--- DATA EXTRACT ---
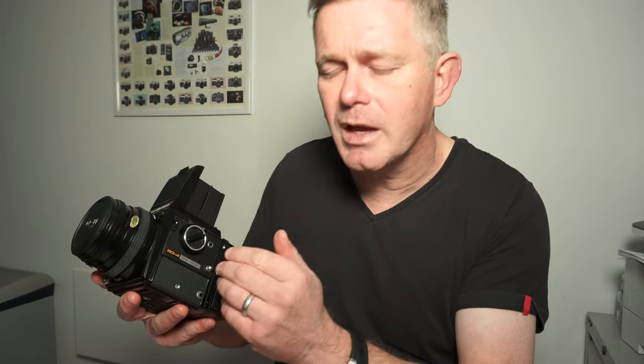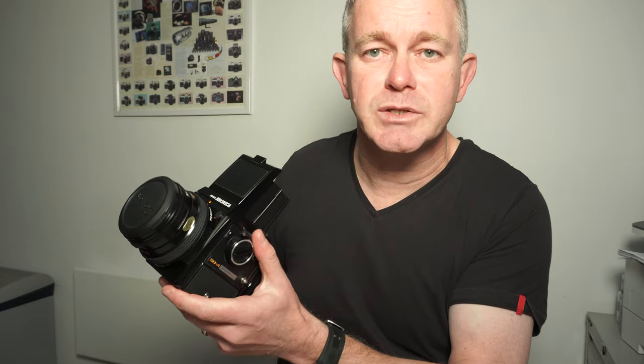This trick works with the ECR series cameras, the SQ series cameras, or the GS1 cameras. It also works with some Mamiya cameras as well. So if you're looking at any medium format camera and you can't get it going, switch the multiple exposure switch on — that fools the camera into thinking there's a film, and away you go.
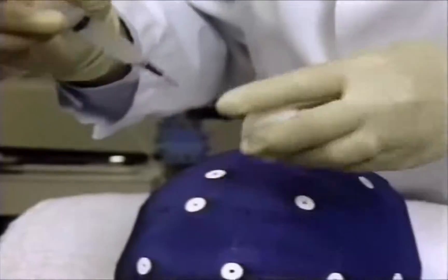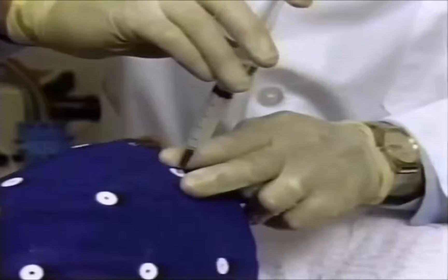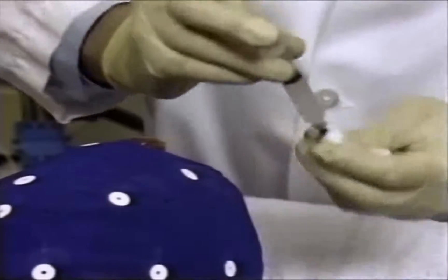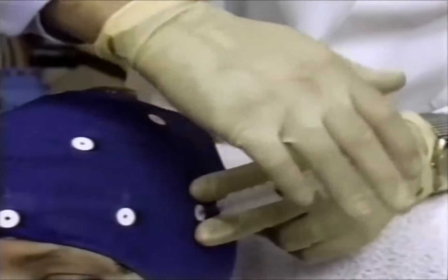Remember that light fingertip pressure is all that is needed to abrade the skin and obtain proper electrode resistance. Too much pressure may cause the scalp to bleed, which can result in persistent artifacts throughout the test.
---
--- DATA EXTRACT ---
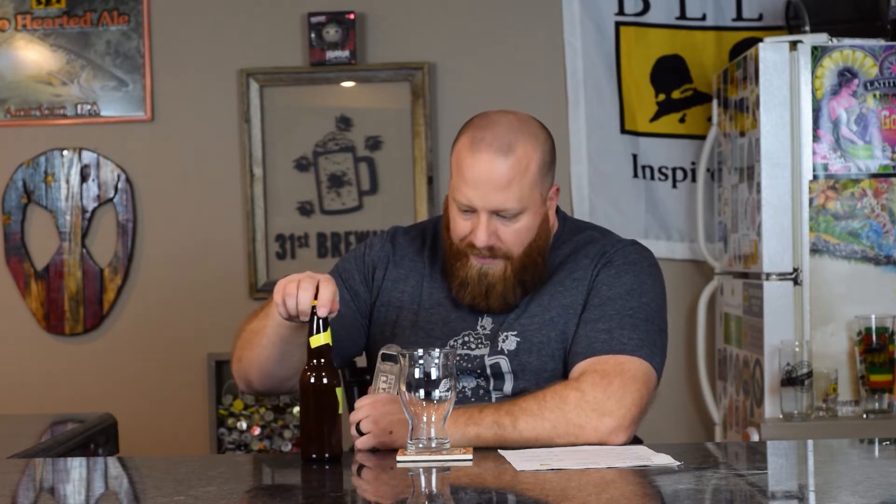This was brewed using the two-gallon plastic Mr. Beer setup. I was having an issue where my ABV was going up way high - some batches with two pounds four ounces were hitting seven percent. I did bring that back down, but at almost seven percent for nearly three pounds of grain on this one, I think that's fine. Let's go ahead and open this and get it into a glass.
---
--- DATA EXTRACT ---
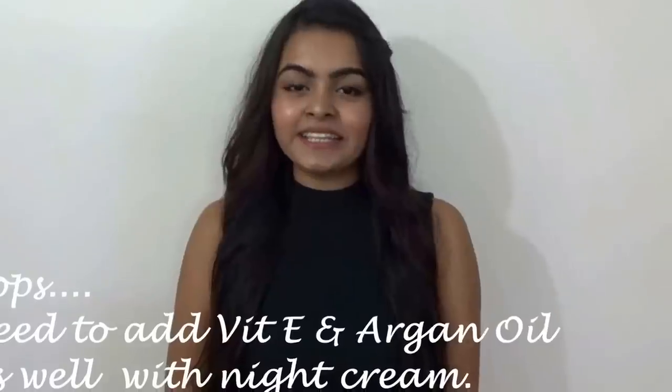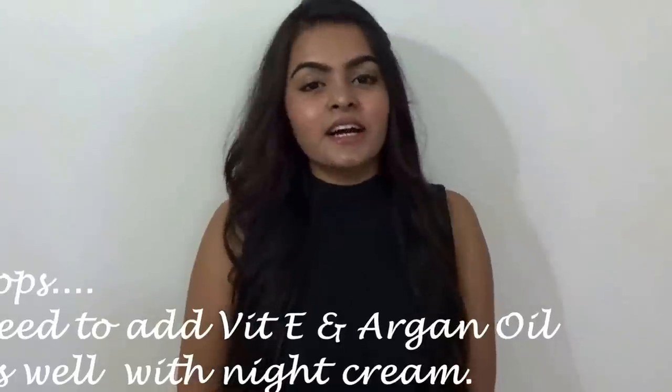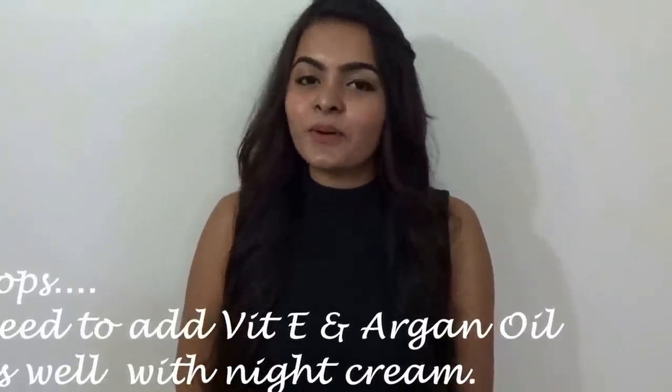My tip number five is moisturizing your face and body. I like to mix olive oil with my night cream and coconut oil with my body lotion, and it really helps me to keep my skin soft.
---
## [TRY IT]
What do the entries above read from the line containing "This trick works" through the line containing "Remember that light"? Output those lines exactly, both ends included, with the pictures left out.

## [REPLY]
This trick works with the ECR series cameras, the SQ series cameras, or the GS1 cameras. It also works with some Mamiya cameras as well. So if you're looking at any medium format camera and you can't get it going, switch the multiple exposure switch on — that fools the camera into thinking there's a film, and away you go.
Remember that light fingertip pressure is all that is needed to abrade the skin and obtain proper electrode resistance. Too much pressure may cause the scalp to bleed, which can result in persistent artifacts throughout the test.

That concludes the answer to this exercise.